What is Rack: You can say, Rack
is a standardized interface for the container to load an application (such as a Rails application), just like CGI is a standardized interface for the web server to execute an external program,
Rack defines a standard interface for the application frameworks (rails, merb, sinatra etc.). If an application framework complies with rack interface, the container
knows how to load and execute it.
Note:
I have tried to super simplify the concepts for you. This is no way closer to being a complete explanation. Hope this is good enough to get you started on self study.
Upvotes: 5
Reputation: 18924
Phusion Passenger author here. I think these two documents explain most of your questions in detail.

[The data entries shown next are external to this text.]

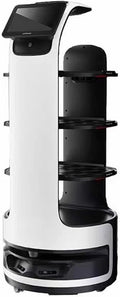 Autonomous Serving Robot for Hotel Room Service, APP Call Delivery, Guest Greeting & Guiding, Precision Positioning, Ultra-Long Endurance, Fleet Management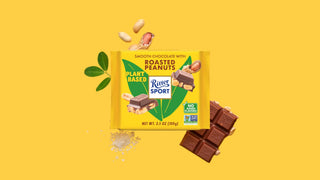 Ritter Sport Vegan Roasted Peanut 11/100g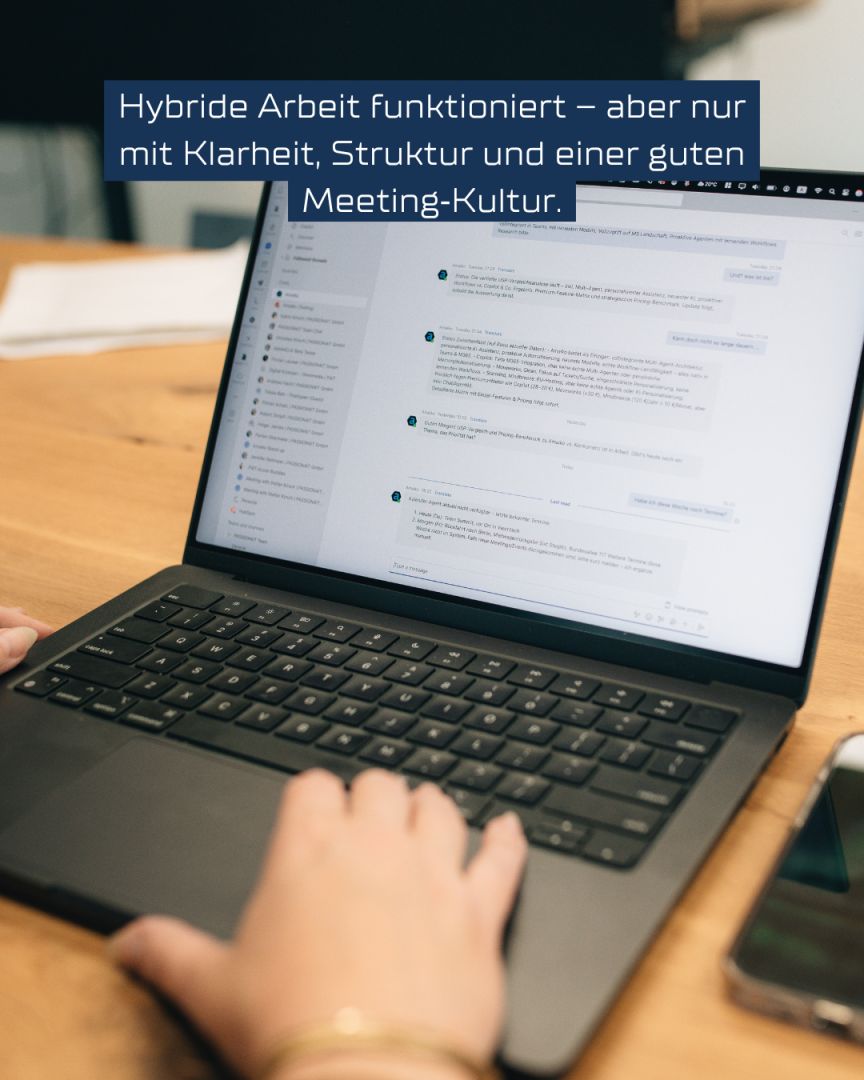 Digital Work 2026 – Wie hybride Teams wirklich produktiv bleiben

As for Rack: it is a standardized interface. Different web servers tend to have different APIs for dynamic applications. In order to avoid needing every Ruby framework to write an adapter for every single server, all Ruby frameworks all implement the Rack interface. All servers, in turn, speak Rack as well. This allows you to switch between different servers without needing the framework to have special support for that server, and allows you to switch between different frameworks without needing the server to have special support for that framework.
How does WEBRick serve Rails? When you start WEBrick, it opens a TCP socket on some port and listens for connections on it. When a new connection comes in, it parses the data as HTTP, creates internal data structures, and passes these data structures to Rails by calling the Rails Rack object. The Rails Rack object is the main entry point into Rails, and is created during program startup. When the Rack object returns, WEBrick converts the returned data structures to HTTP data and writes them over the socket.
This high-level describes describes pretty much how every Ruby server works. Phusion Passenger also works like this at a high level, but there are more steps involved with regard to, for example, process management, load balancing, security checking, etc. Phusion Passenger handles most stuff out-of-process while WEBrick is an entirely in-process library. The Phusion Passenger architectural overview document explains it.